[Opening INFORMATION PROVIDED section]

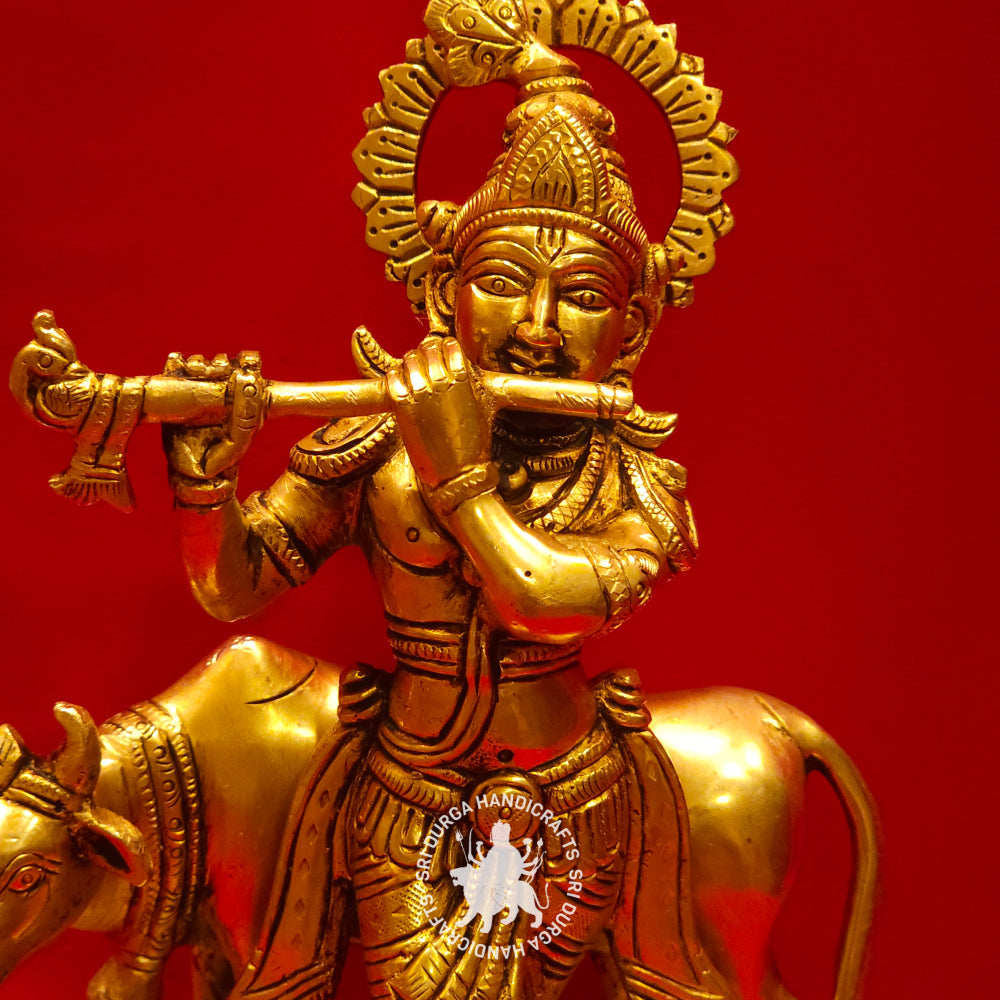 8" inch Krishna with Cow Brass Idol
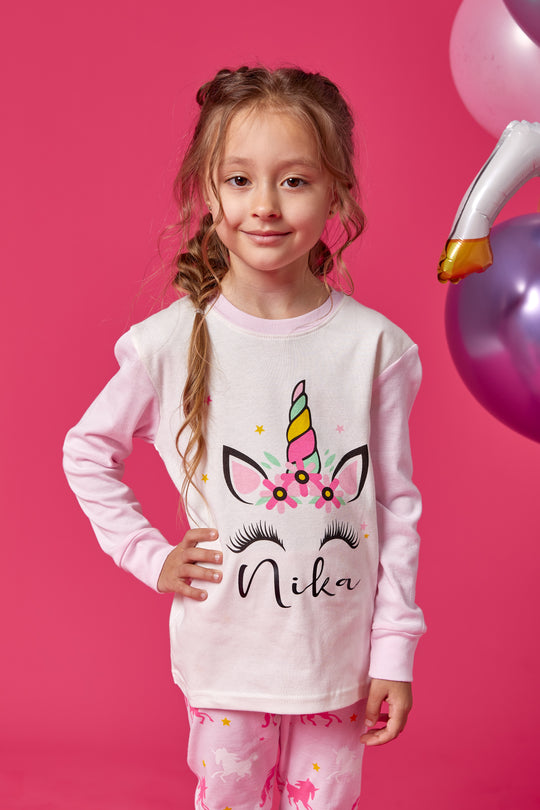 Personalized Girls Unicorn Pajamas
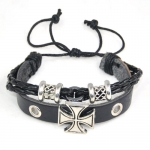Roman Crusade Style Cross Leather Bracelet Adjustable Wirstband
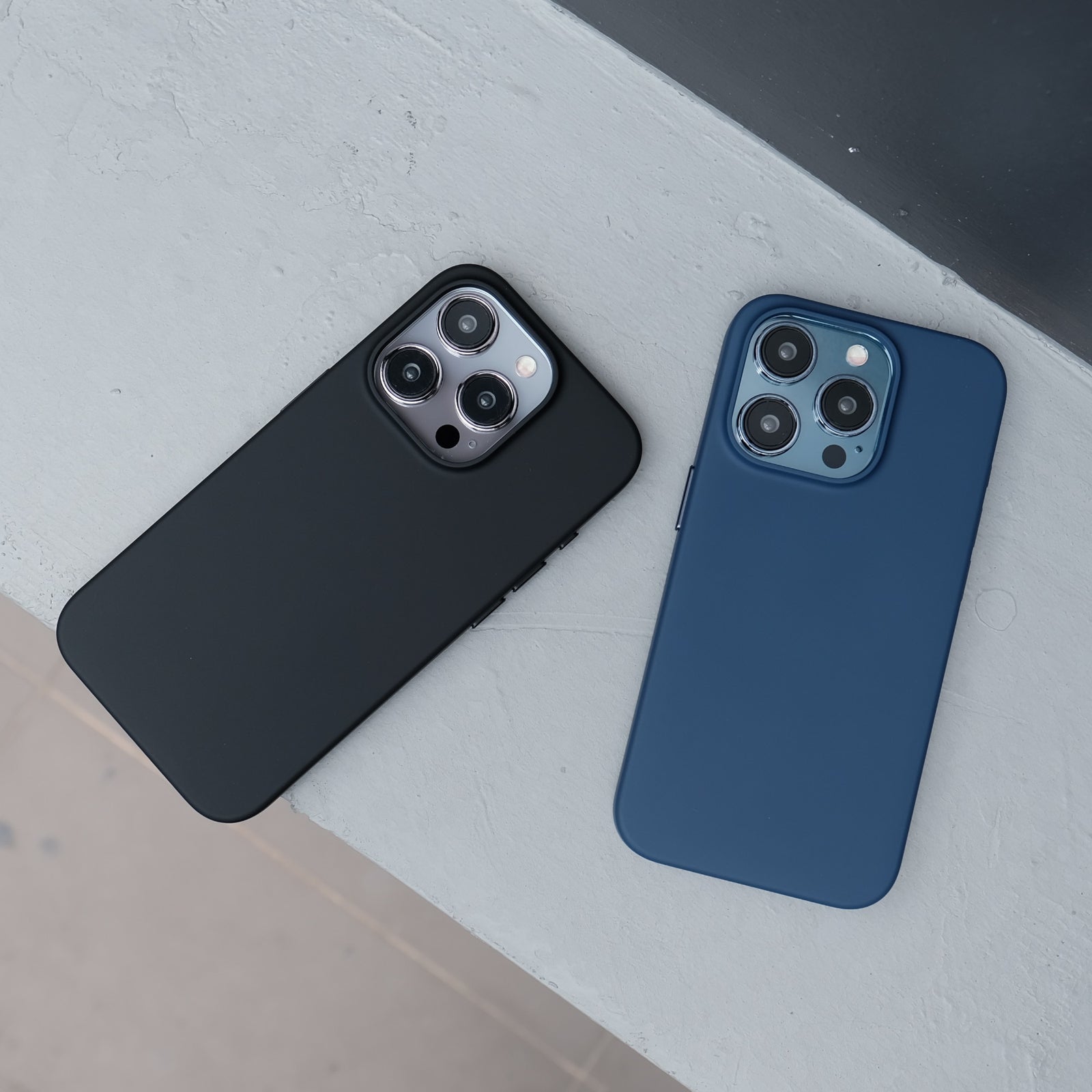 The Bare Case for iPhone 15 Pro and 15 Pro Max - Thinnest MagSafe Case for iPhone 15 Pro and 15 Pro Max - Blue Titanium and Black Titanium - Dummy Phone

[Closing INFORMATION PROVIDED section]

■ **DESCRIPTION OF THE TASK**:
Full copy, no pictures: write out each line of the data exactly as it stands.

■ **TASK RESULT**:
 8" inch Krishna with Cow Brass Idol
 Personalized Girls Unicorn Pajamas
Roman Crusade Style Cross Leather Bracelet Adjustable Wirstband
 The Bare Case for iPhone 15 Pro and 15 Pro Max - Thinnest MagSafe Case for iPhone 15 Pro and 15 Pro Max - Blue Titanium and Black Titanium - Dummy Phone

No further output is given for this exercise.